Alkisah seorang anak manusia dipaksa ikut pesantren kilat Ramadhan di SMP negeri di pelosok Sumatera nun jauh disana. Di siang bolong, dengan perut yang keroncongan dan mata setengah watt, anak tadi harus menerima kenyataan bahwa agenda selanjutnya adalah tausiyah dari pak ustadz yang entah siapa namanya.

Dengan tergopoh-gopoh anak tadi izin ke kamar kecil untuk membasuh sisa sisa hawa nafsu di matanya, mata yang dipenuhi kantuk (karena katanya setan udah dibelenggu sejak awal puasa ).
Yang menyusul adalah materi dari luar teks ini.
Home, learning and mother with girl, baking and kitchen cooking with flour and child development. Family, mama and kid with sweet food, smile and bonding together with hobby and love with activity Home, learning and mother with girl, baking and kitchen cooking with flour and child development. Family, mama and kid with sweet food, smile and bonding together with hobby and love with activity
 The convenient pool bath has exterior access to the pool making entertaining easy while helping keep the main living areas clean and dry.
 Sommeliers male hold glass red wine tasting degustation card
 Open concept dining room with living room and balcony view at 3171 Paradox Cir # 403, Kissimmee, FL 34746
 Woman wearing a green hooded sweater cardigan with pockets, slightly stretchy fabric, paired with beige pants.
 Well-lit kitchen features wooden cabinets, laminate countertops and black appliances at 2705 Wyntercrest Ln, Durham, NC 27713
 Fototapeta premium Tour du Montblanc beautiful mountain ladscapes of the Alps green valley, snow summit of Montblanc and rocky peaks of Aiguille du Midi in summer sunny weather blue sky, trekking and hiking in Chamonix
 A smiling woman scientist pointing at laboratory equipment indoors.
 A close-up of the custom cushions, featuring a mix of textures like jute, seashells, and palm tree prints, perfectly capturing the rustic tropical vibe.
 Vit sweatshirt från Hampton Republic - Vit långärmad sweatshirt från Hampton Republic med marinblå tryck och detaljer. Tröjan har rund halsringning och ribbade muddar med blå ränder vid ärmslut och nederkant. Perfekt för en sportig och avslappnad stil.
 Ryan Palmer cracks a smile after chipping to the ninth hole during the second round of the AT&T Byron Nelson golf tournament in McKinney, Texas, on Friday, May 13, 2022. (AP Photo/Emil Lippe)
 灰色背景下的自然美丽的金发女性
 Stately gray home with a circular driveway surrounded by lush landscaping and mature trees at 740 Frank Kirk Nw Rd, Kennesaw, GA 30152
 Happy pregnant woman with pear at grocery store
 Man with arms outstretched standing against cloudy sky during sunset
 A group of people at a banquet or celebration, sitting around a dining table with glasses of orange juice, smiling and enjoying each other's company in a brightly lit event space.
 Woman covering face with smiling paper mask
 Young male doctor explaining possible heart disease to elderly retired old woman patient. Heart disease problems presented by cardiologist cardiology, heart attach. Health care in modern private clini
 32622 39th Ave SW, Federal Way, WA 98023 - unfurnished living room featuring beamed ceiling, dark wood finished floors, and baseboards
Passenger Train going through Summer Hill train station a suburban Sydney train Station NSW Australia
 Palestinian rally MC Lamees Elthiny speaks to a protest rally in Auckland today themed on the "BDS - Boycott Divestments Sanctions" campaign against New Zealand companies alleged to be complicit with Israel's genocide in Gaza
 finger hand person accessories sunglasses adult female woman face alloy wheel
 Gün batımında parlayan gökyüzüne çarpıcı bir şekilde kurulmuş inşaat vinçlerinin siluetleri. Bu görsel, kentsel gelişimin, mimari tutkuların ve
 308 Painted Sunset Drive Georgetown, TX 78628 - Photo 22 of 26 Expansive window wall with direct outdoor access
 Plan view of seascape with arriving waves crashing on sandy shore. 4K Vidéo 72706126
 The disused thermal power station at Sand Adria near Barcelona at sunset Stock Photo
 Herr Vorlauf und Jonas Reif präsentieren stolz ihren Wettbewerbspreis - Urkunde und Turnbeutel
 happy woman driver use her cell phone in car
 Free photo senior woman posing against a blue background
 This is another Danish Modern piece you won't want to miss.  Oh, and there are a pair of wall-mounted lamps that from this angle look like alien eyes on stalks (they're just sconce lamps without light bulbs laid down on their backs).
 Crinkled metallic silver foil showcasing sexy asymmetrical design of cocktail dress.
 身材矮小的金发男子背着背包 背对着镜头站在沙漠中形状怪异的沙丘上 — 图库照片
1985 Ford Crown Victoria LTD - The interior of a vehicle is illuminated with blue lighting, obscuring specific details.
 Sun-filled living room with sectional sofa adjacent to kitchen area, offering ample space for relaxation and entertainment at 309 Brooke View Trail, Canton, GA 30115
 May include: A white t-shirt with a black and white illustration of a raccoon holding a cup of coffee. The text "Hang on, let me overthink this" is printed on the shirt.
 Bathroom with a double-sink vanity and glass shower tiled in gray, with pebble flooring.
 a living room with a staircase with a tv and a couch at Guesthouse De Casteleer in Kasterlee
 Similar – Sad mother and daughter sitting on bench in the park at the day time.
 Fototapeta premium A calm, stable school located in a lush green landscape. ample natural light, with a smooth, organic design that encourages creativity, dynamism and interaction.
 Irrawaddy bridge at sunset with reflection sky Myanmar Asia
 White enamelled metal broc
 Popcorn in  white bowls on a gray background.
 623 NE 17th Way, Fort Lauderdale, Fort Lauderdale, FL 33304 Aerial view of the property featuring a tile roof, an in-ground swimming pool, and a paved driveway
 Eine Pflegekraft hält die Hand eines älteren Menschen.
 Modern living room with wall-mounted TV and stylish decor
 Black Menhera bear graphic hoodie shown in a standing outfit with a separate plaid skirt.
Tausiyah pun dimulai, pak ustadz pun sampai pada sebuah pertanyaan "ananda, ananda tau ndak hidup ini mencari apa?" (dalam hati, "hah, pasti mau nyampein itu lagi, kasi ayat itu lagi") *astagfirullah semoga pak ustadz sudah memaafkan celetukan hati si anak ingusan itu*. Tapi dugaan anak tadi meleset, pak ustadz memberikan jawaban yang jauh berbeda dari prasangkanya, sambil senyum ustadz berkata " Ananda kita itu hidup untuk bahagia".

Tanpa pikir panjang, sejak hari itu, sang anak percaya bahwa hidupnya adalah untuk mencari kebahagiaan.

Perjalanan anak tadi berlanjut, ia terhenti pada pertanyaan berikutnya "Gimana cara jadi bahagia?"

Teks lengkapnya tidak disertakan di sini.